Lo que nos permite hacer

Gracias a la posibilidad de hacer ampliaciones a distintos tamaños, sin necesidad de reenfocar ni de ajustar de nuevo la exposición, el Betavaron se presta –o prestaba– de forma idónea a la producción rápida, en masa, industrial, de copias mediante ampliadoras automáticas o semiautomáticas.

En la actualidad, si bien sigue teniendo esa misma utilidad, la producción de ese tipo de copias ha decaído, ello no quita que un laboratorista experto le pueda sacar partido si recibe un encargo de múltiples copias a distintos tamaños, a partir de diversos negativos de 24×36 mm.

Otros autores –como, por ejemplo, William Klein,al parecer–, saben sacar partido a este objetivo aplicando en el cuarto oscuro efectos zoom durante la exposición. Para ello y puesto que tanto enfoque como exposición permanecen constantes con la variación de focal, “bastaría” desplazar la focal mientras el papel fotográfico recibe la exposición. De qué focal partir, a cuál llegar y cuánto tiempo emplear en el recorrido… es secreto de cada fotógrafo.

En cuanto a la calidad de imagen, puede decirse que es adecuada a la aplicación prevista, que es la de producción de copias de carácter comercial. Siendo alta, como corresponde a un producto Schneider-Kreuznach, es claramente inferior a la que se puede conseguir con un objetivo de ampliadora de focal fija.

El Betavaron, único en su género, se produjo en los años ochenta a un muy alto precio de aproximadamente 2.000 $ de “los de entonces”. En la actualidad se puede conseguir por mucho menos, suponiendo que se encuentre una unidad ya que es extremadamente raro. Nosotros, en todo nuestro deambular por ferias del mundo solo hemos visto hasta la fecha uno… el motivo de este artículo.

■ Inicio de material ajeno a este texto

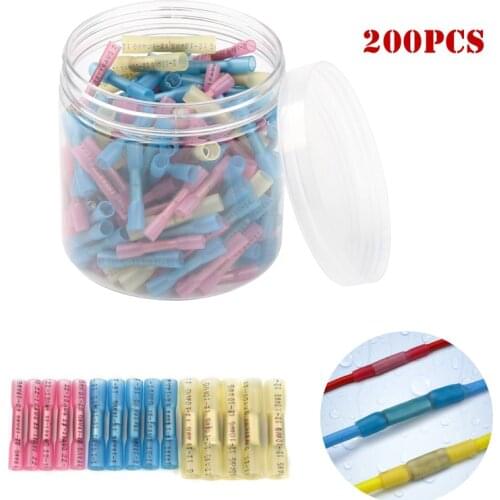 200PCS Heat Shrink Butt Wire Connectors Waterproof Insulated Seal Automobile Wire Cable Terminals AWG 22-10 0.5-6.0mm2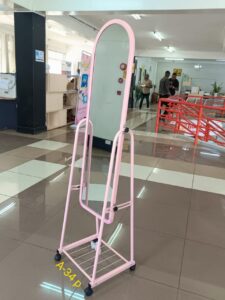 Pink Full Length Dressing Mirror with Wheels and shoes Rack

(1) El formato de negativo de las Minox subminiatura es de 8×11 mm y siendo lo ideal copiarlos mediante la ampliadora original Minox –por el diseño del propio objetivo de ampliadora y por el sistema de iluminación– lo más habitual es emplear los citados objetivos de 28mm

(2) Los objetivos habituales de ampliadora siguen esquemas de seis lentes para los más sofisticados, al tiempo que los de cuatro lentes ya ofrecen gran calidad de imagen

(3) El círculo cubierto indicado por Schneider-Kreuznach es de Ø 43,3 mm y el área recomendada es de 23×35 mm que es el tamaño de máscara de negativo de los portanegativos más comunes. Todo ello exige un centrado perfecto del negativo respecto al objetivo, so pena de viñeteo de una o dos de las esquinas.